_Exercise requirements_
While copying the entries exactly, leave out each picture they contain.

Scraped caption text data:
::::::
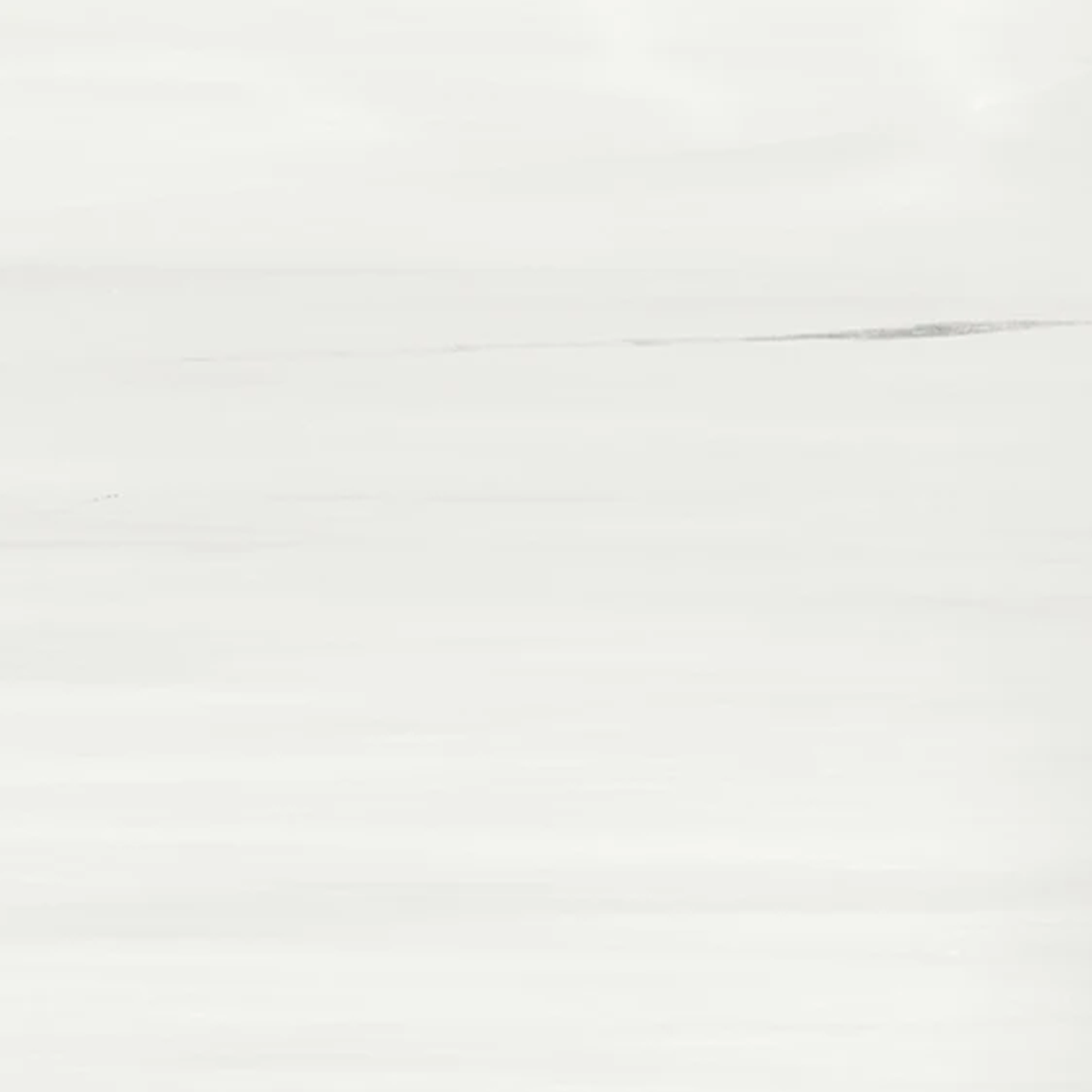 Minimalist image showcasing the Beyond Dolomite - Cool White surface: predominantly white with subtle grey streaks and lines reminiscent of polished stone. The texture is understated, resulting in a clean and bright appearance.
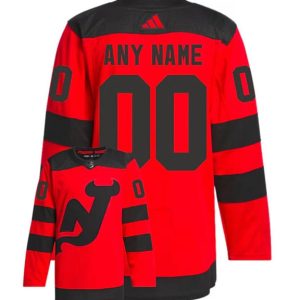New Jersey Devils Custom Red 2023-2024 Stadium Series Stitched Jersey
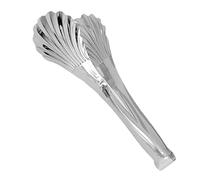 Pinces de service en acier inoxydable, pincesde cuisine, pinces à griller polyvalentes en forme de coquille pour la cuisson du service de barbecue de Camping (201 (28 cm/11,0 pouces))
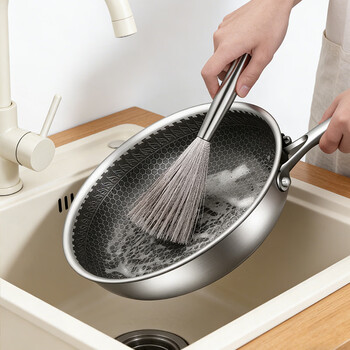 锡洁刷锅神器不锈钢丝长柄刷锅刷子厨房专用洗锅刷不易伤锅家用清洁刷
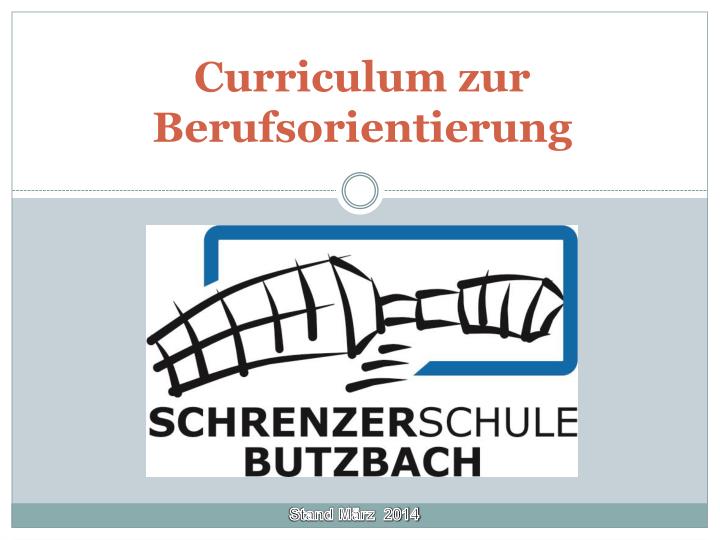 curriculum zur berufsorientierung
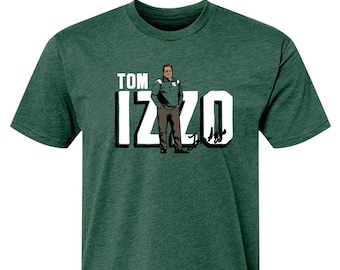 MSU Tom Izzo Green Michigan State Spartans T-shirt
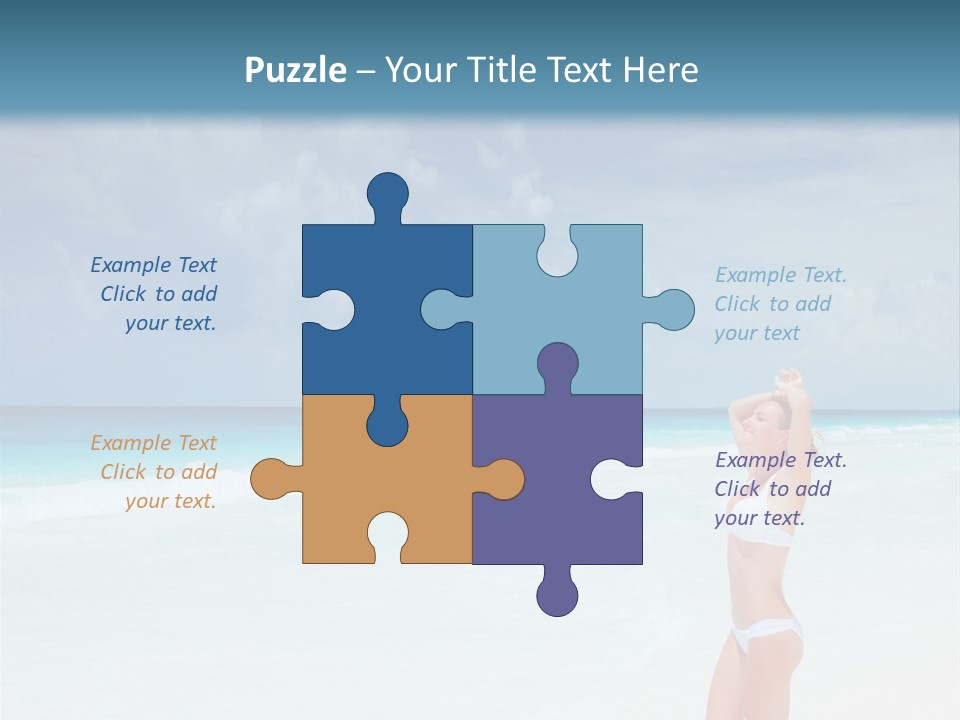 Relaxing Travel Sunbathing PowerPoint Template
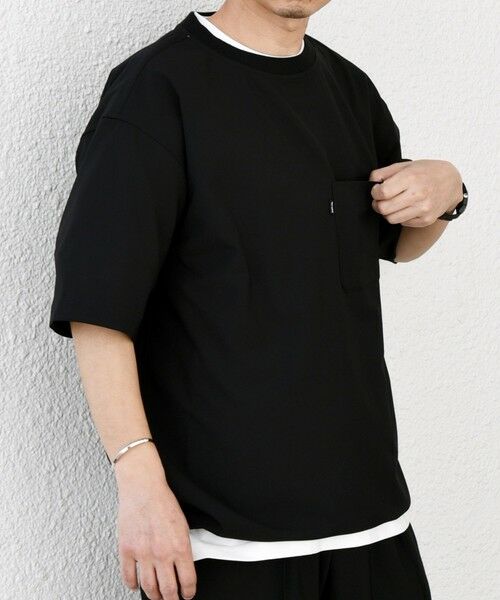 SHIPS / シップス Tシャツ | SHIPS any:〈吸水速乾〉Rapidry スピンドル リラックス Tシャツ(セットアップ対応)◇ | 詳細19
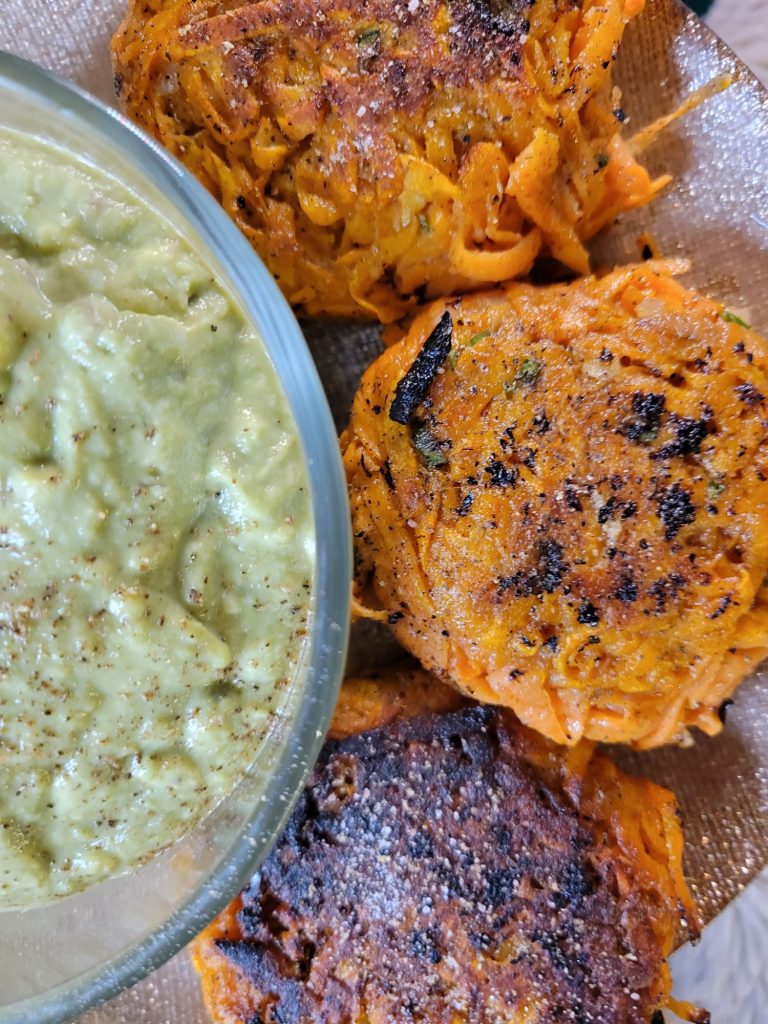 Fritters w/ Sweet Potatoes, Garlic, & Green Onions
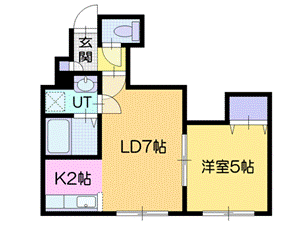 札幌市厚別区厚別西三条のアパートの間取り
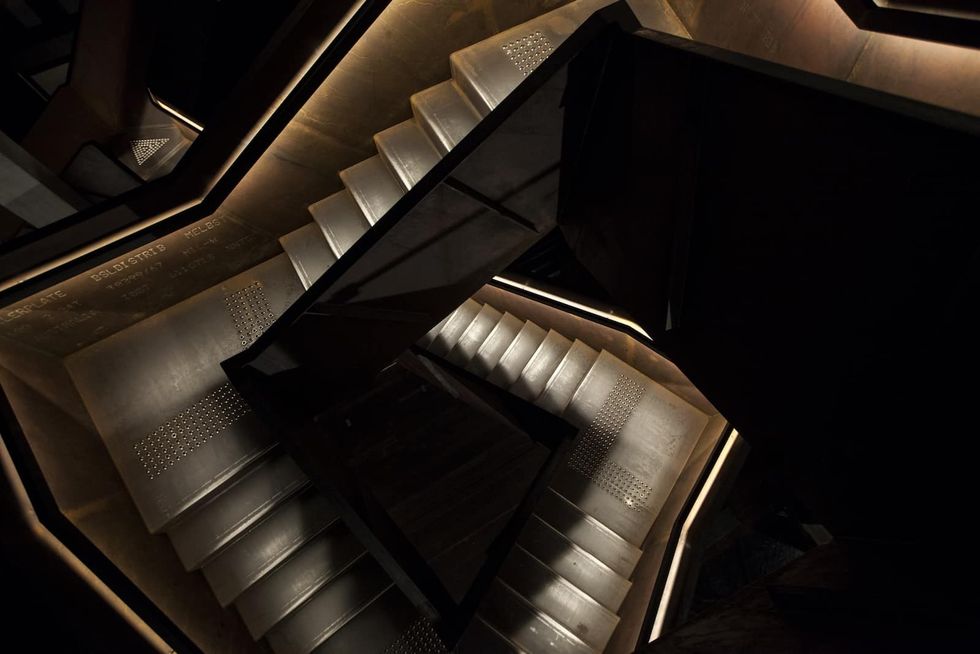 MONA museum-interior---corten-staircase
::::::
_Result below_
 Minimalist image showcasing the Beyond Dolomite - Cool White surface: predominantly white with subtle grey streaks and lines reminiscent of polished stone. The texture is understated, resulting in a clean and bright appearance.
New Jersey Devils Custom Red 2023-2024 Stadium Series Stitched Jersey
 Pinces de service en acier inoxydable, pincesde cuisine, pinces à griller polyvalentes en forme de coquille pour la cuisson du service de barbecue de Camping (201 (28 cm/11,0 pouces))
 锡洁刷锅神器不锈钢丝长柄刷锅刷子厨房专用洗锅刷不易伤锅家用清洁刷
 curriculum zur berufsorientierung
 MSU Tom Izzo Green Michigan State Spartans T-shirt
 Relaxing Travel Sunbathing PowerPoint Template
 SHIPS / シップス Tシャツ | SHIPS any:〈吸水速乾〉Rapidry スピンドル リラックス Tシャツ(セットアップ対応)◇ | 詳細19
 Fritters w/ Sweet Potatoes, Garlic, & Green Onions
 札幌市厚別区厚別西三条のアパートの間取り
 MONA museum-interior---corten-staircase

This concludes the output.